Thursday, March 9, 2017
Predicting Electricity Price Trends
Guest Blogger: Kathy Kiernan
Senior Vice President & Managing Partner, APPI Energy
Retail electricity prices are largely driven by natural gas prices. Even though your system operator (PJM, ERCOT, MISO, NEPOOL) is procuring power from a variety of sources—hydroelectric, wind, solar, nuclear, coal, gas—the way system operators pay generating plants is based on the last fuel used to meet demand, which is almost always natural gas. Therefore, the amount you pay per kWh is determined primarily by the current price of natural gas in your region.
Retail electricity prices tend to follow trends in natural gas prices. Gas prices, however, are significantly more volatile than electricity prices. For example, when we see gas prices fluctuate by as much as 70% in a single month, corresponding electricity prices will generally move in the same direction, but by only around 10%. The change in electricity prices will also typically lag behind gas prices by a couple of weeks.
In the financial sector, the “volatility index” of a stock, commodity, or asset is a statistical measure of the uncertainty or risk associated with rapid and/or dramatic changes in the security’s value or price. Over the past 12 months (Feb 2016 – Feb 2017) the volatility index for NYMEX natural gas futures was 5.7%, and 7.0% for Henry Hub spot prices. The volatility index for the national average benchmark price of retail electricity during this same timeframe was only 1.4%.

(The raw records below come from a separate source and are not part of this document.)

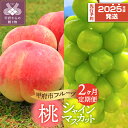 【ふるさと納税】 定期便 フルーツ 2025年 シャインマスカット 桃 山梨 県産 先行予約 期間限定 数量限定 生産量 日本一 フルーツ王国山梨 2ヶ月定期便 k212-012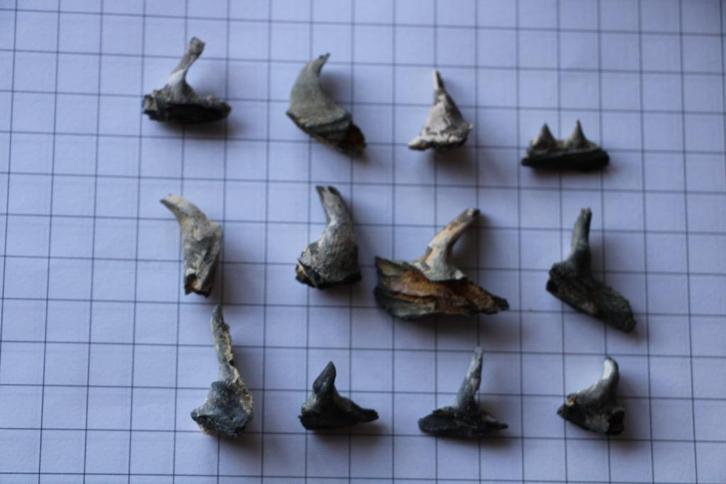 enchodussen kaakdeeltjes Boven-Krijt, Verzamelen, Mineralen en Fossielen, Fossiel, Ophalen of Verzenden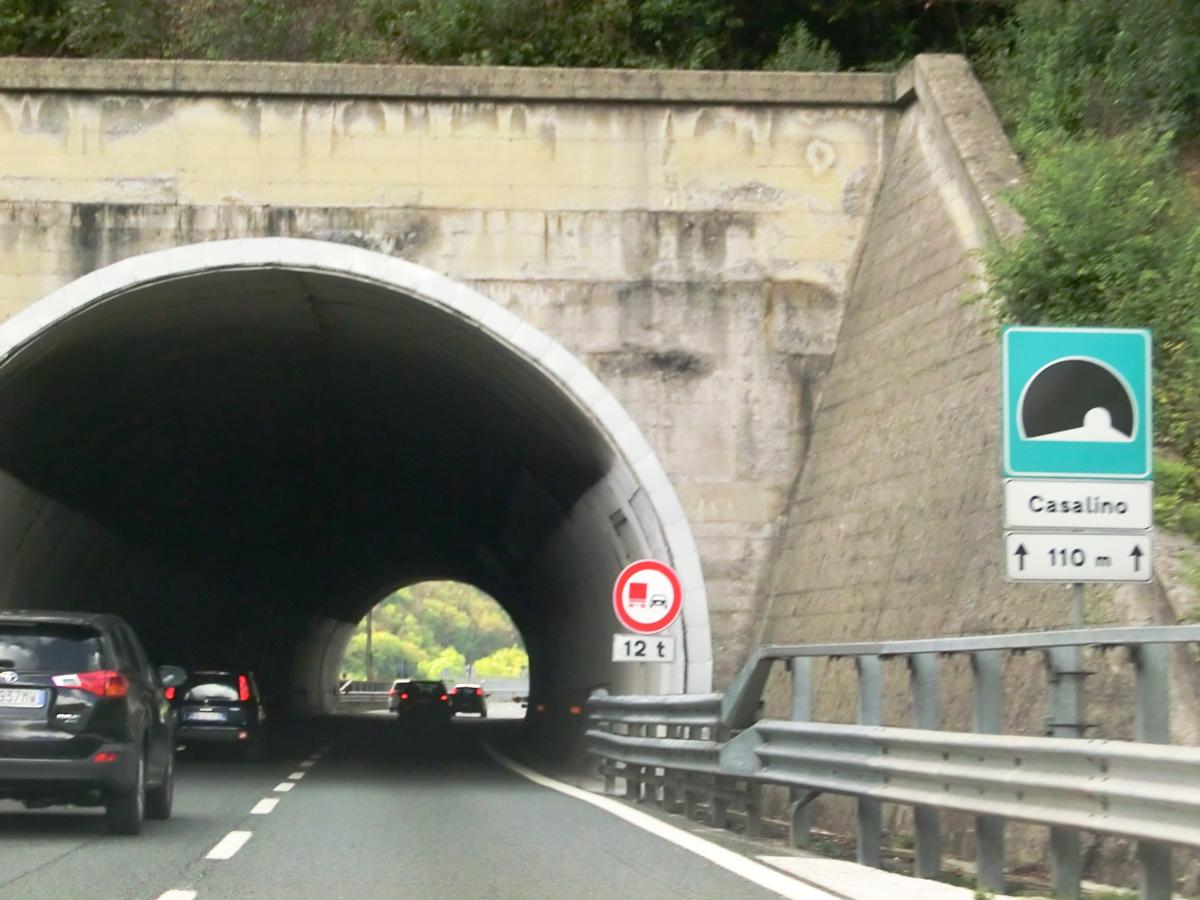 Casalino Tunnel eastern portal 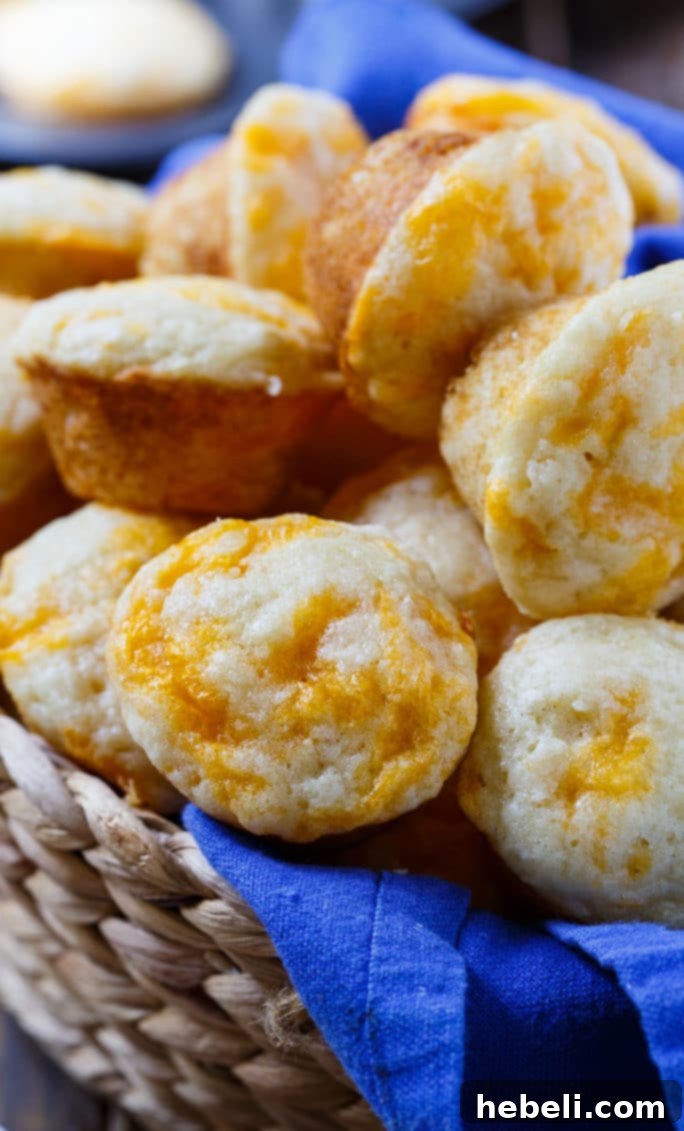 Copycat Jim n Nicks Cheesy Biscuits 7 Baked Jim 'n Nick's copycat cheesy biscuits in a mini muffin tin, fresh from the oven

What does this mean? The use of gas prices in short-term forecasting often overestimates the extent of change in electricity prices. Gas prices are therefore a better indicator of longer-term electricity price trends than they are predictors of short-term price shifts. Rule of thumb, for a 10% shift in gas prices anticipate electricity prices will move in the same direction by only 2-3%.